:: What to produce ::
Without the pictures, give the listing below again exactly.

········

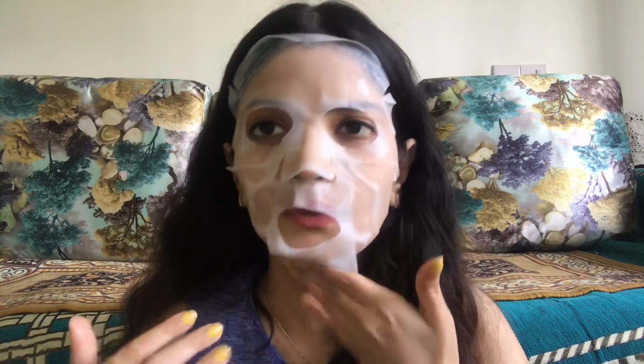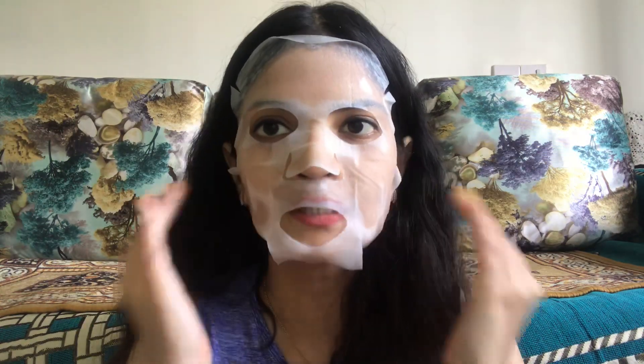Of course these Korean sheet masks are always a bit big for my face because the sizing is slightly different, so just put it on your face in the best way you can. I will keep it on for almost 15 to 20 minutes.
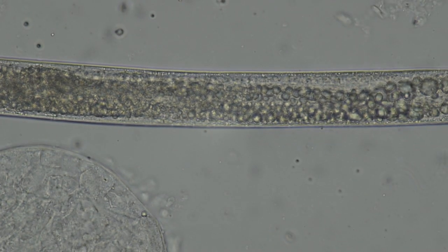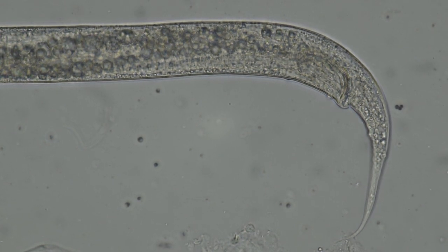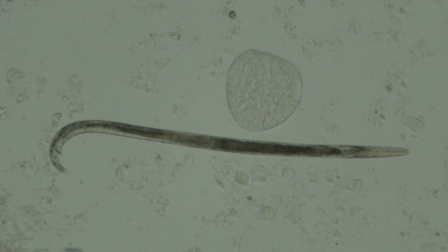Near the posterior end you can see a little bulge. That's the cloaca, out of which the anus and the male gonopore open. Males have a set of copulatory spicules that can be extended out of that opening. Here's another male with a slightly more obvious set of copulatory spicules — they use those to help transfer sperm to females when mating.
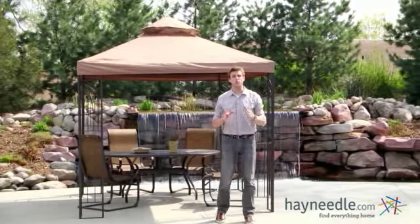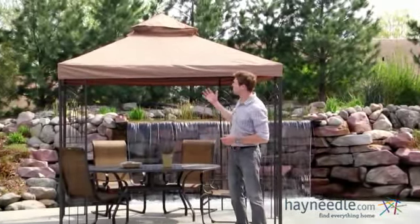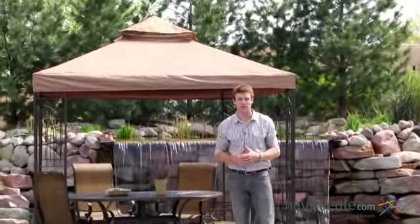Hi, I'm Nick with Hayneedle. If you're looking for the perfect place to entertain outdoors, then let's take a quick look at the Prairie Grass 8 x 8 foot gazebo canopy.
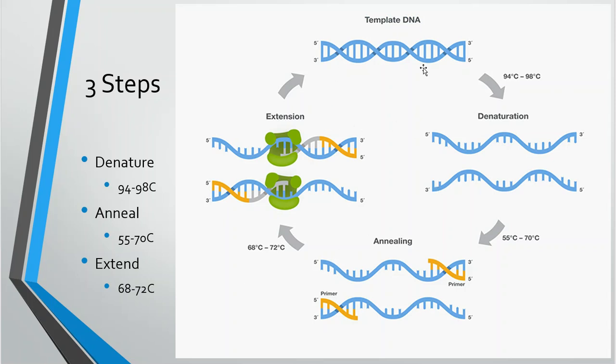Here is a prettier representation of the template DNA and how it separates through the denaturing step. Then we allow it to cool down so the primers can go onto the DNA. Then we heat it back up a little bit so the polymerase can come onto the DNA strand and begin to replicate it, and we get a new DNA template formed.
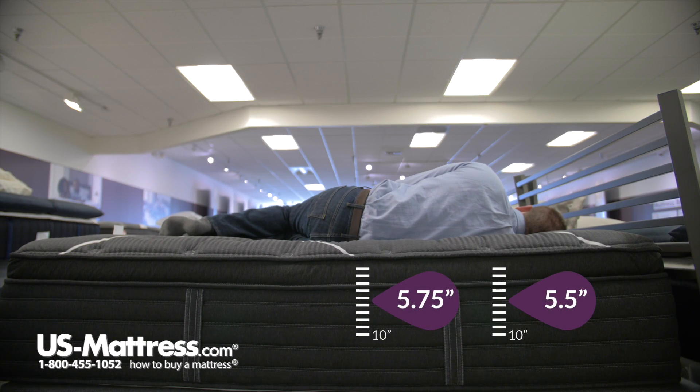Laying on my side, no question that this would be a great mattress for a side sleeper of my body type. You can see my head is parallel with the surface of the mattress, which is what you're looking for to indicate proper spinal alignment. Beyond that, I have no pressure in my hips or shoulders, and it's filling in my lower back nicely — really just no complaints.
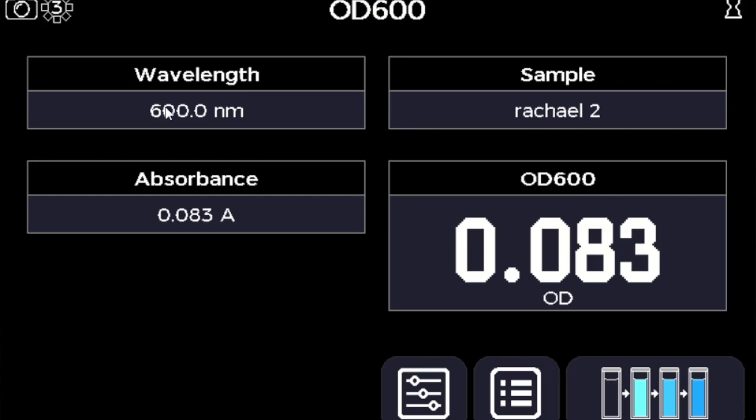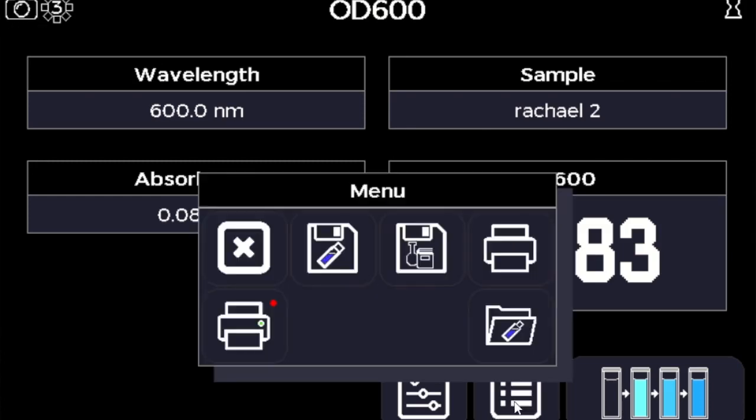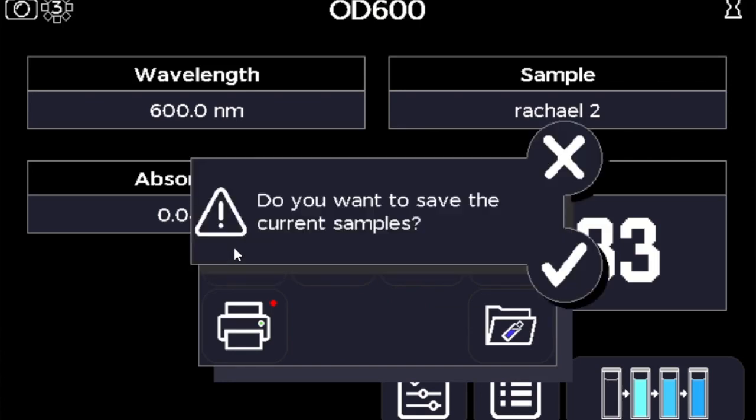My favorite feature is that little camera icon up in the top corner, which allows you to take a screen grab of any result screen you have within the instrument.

········

:: Answer for this exercise ::
Of course these Korean sheet masks are always a bit big for my face because the sizing is slightly different, so just put it on your face in the best way you can. I will keep it on for almost 15 to 20 minutes.
Near the posterior end you can see a little bulge. That's the cloaca, out of which the anus and the male gonopore open. Males have a set of copulatory spicules that can be extended out of that opening. Here's another male with a slightly more obvious set of copulatory spicules — they use those to help transfer sperm to females when mating.
Hi, I'm Nick with Hayneedle. If you're looking for the perfect place to entertain outdoors, then let's take a quick look at the Prairie Grass 8 x 8 foot gazebo canopy.
Here is a prettier representation of the template DNA and how it separates through the denaturing step. Then we allow it to cool down so the primers can go onto the DNA. Then we heat it back up a little bit so the polymerase can come onto the DNA strand and begin to replicate it, and we get a new DNA template formed.
Laying on my side, no question that this would be a great mattress for a side sleeper of my body type. You can see my head is parallel with the surface of the mattress, which is what you're looking for to indicate proper spinal alignment. Beyond that, I have no pressure in my hips or shoulders, and it's filling in my lower back nicely — really just no complaints.
My favorite feature is that little camera icon up in the top corner, which allows you to take a screen grab of any result screen you have within the instrument.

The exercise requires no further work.